> _Directions for this task_:
Your copy of the lines below must match them exactly and contain no images.

> _Provided data_:

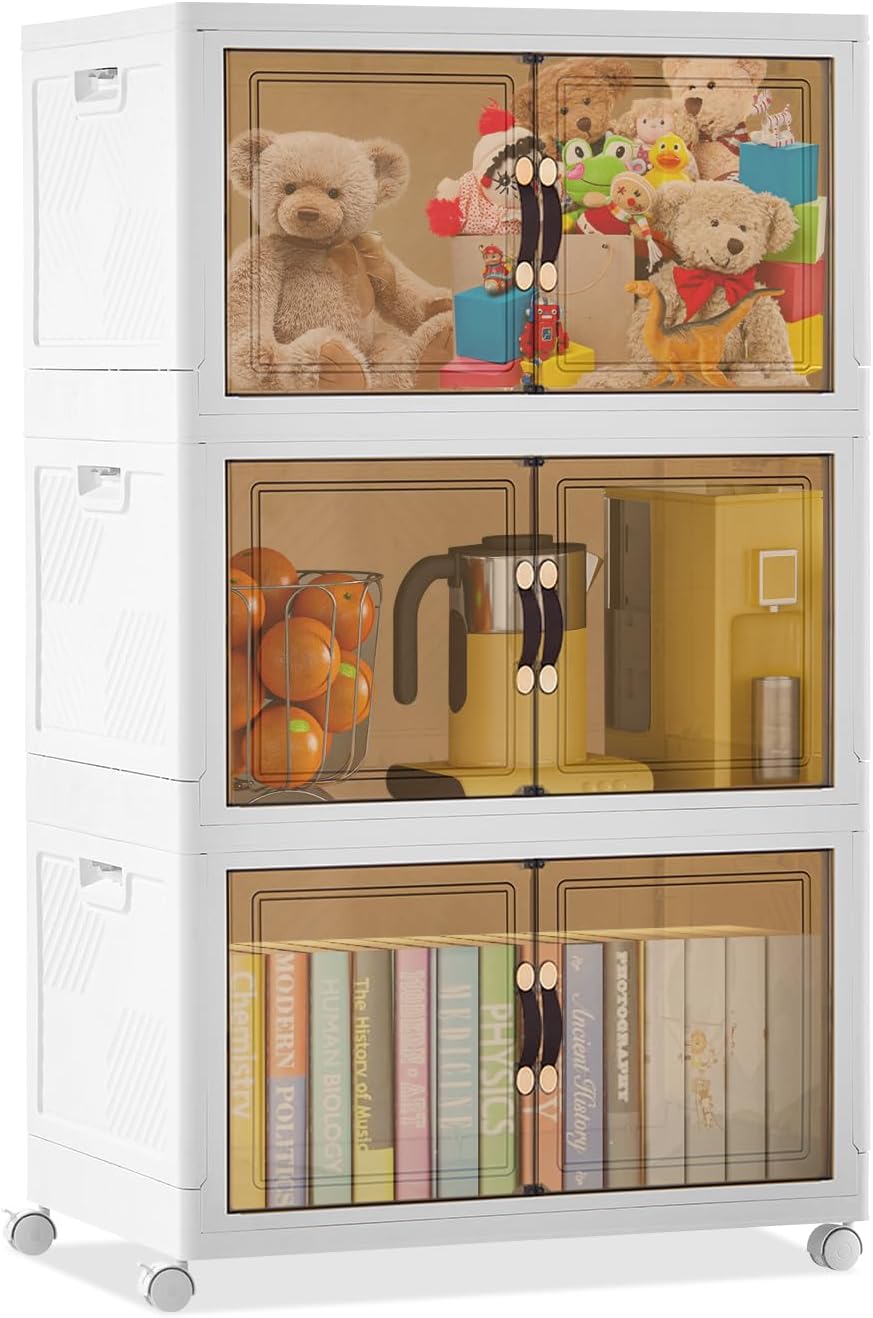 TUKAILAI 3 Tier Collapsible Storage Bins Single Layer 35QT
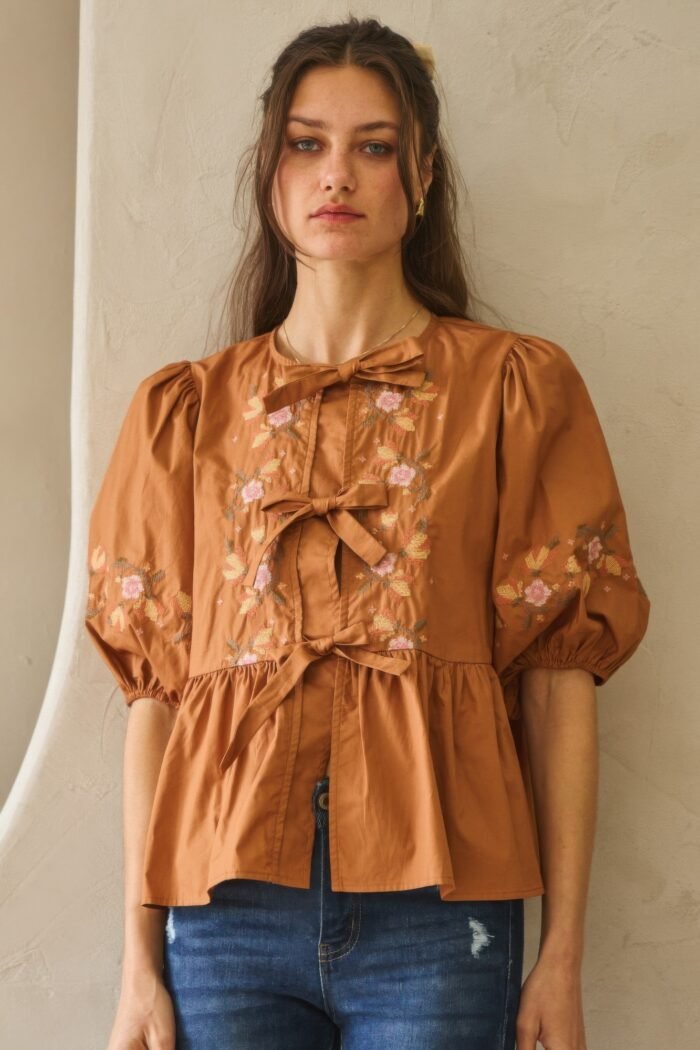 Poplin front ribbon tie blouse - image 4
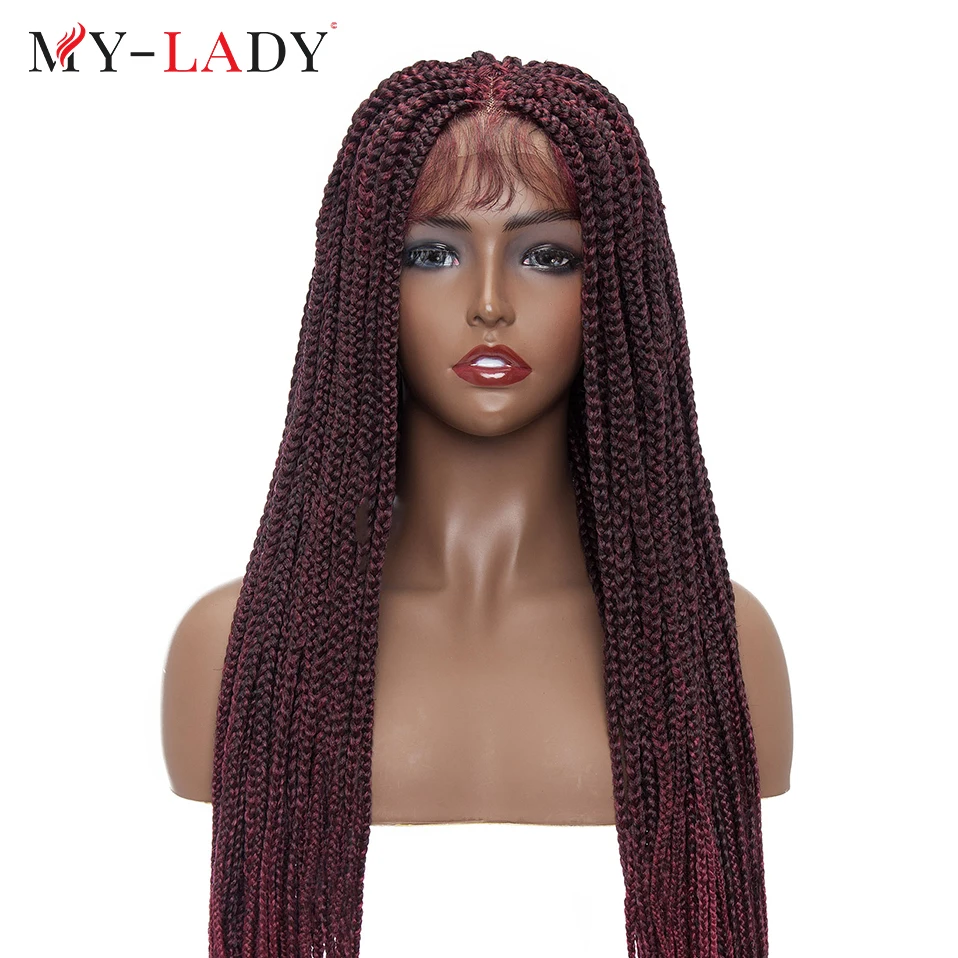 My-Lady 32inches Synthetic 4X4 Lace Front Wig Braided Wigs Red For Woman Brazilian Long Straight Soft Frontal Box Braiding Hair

> _Completed exercise_:
 TUKAILAI 3 Tier Collapsible Storage Bins Single Layer 35QT
 Poplin front ribbon tie blouse - image 4
 My-Lady 32inches Synthetic 4X4 Lace Front Wig Braided Wigs Red For Woman Brazilian Long Straight Soft Frontal Box Braiding Hair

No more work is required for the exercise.